The American Families Act — Biden’s new spending proposal covering paid leave, child benefits, childcare subsidies, tuition-free community college, and more, but lacks one component progressives had been calling for: an expansion of Medicare, in terms of benefits provided and age eligibilities.
Here’s an excerpt from yesterday’s Washington Post:
“Congressional Democrats are planning to pursue a massive expansion of Medicare as part of President Biden’s new $1.8 trillion economic relief package, defying the White House after it opted against including a major health overhaul as part of its plan. . . .
“They specifically aim to lower the eligibility age for Medicare to either 55 or 60, expand the range of health services the entitlement covers and grant the government new powers to negotiate prescription drug prices. . . .

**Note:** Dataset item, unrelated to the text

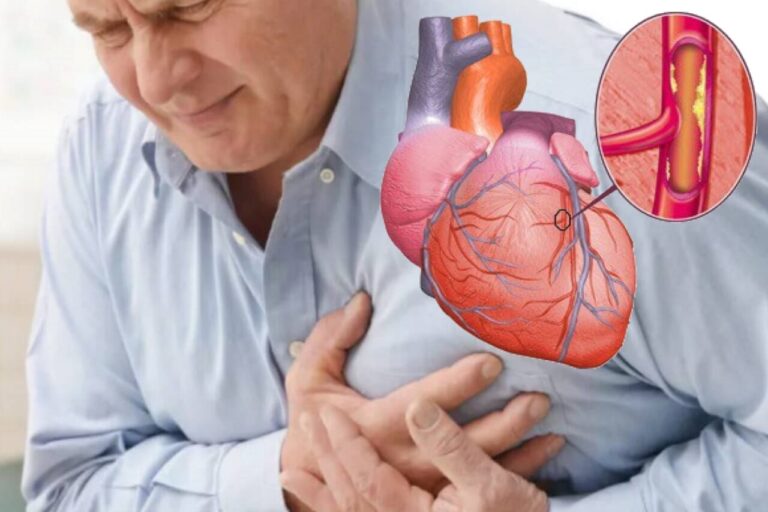 Yurak-qon tomir kasalliklarida zamonaviy diagnostika usullari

“Roughly 100 House and Senate Democrats led by Rep. Pramila Jayapal (Wash.) and Sen. Bernie Sanders (I-Vt.) publicly had encouraged Biden in recent days to include the overhaul as part of his latest package, known as the ‘American Families Plan,’ which proposes major investments in the country’s safety net programs. . . .
“Sanders said Wednesday he would ‘absolutely’ pursue a Medicare expansion as lawmakers begin to translate Biden’s economic vision into legislation. Sen. Ron Wyden (D-Ore.), the chairman of the tax-focused Finance Committee, similarly pledged that he would ‘look at every possible vehicle’ to lower drug costs.
“And Sen. Richard J. Durbin (Ill.), the Democrats’ vote-counter in the chamber, said he planned to push for Medicare reforms he saw as a ‘game changer.’”
Democrats and, to a lesser degree, Republicans have been on a quest to reduce prescription drug costs for years, and even in the waning months of the Trump administration, there had been efforts to implement a “most favored nation” pricing model, in which Medicare would pay drug prices equivalent to those paid by other developed countries; an executive order mandating this for Part B drugs was issued in September, published as a rule in November, and halted via injunction from a lawsuit in January. Proposals to expand this concept to Part D drugs are still pending, but have bipartisan approval; more extreme proposals such as the promise to seize patents and produce drugs via compulsory licensing, of course, do not.
But what exactly is the plan, when it comes to demands to expand Medicare eligibility? There have been two versions floated about: the first offers a “buy in” to otherwise-uninsured near-seniors, and the other simply offers the benefit under the same terms as for those already age 65. The letters from Sen. Sanders and Senate Democrats and from House Democrats do not spell out precisely their intention when they call for eligibility expansion alongside benefits expansion. Can it be inferred from their claim that Medicare would save $500 billion over 10 years with prescription drug price-control and the money could be used to “expand and improve Medicare,” that they intend for their pre-65 Medicare to be exactly as “free” as 65+ Medicare? Politico reports that merely to add dental, vision, and hearing benefits would cost $350 billion, but that Sanders, when asked, declined to discuss the costs of his proposals:
“He said he doesn’t want to just pick a target; he wants to check off as much as can be done to help people across the country and then figure out just how much that would cost.”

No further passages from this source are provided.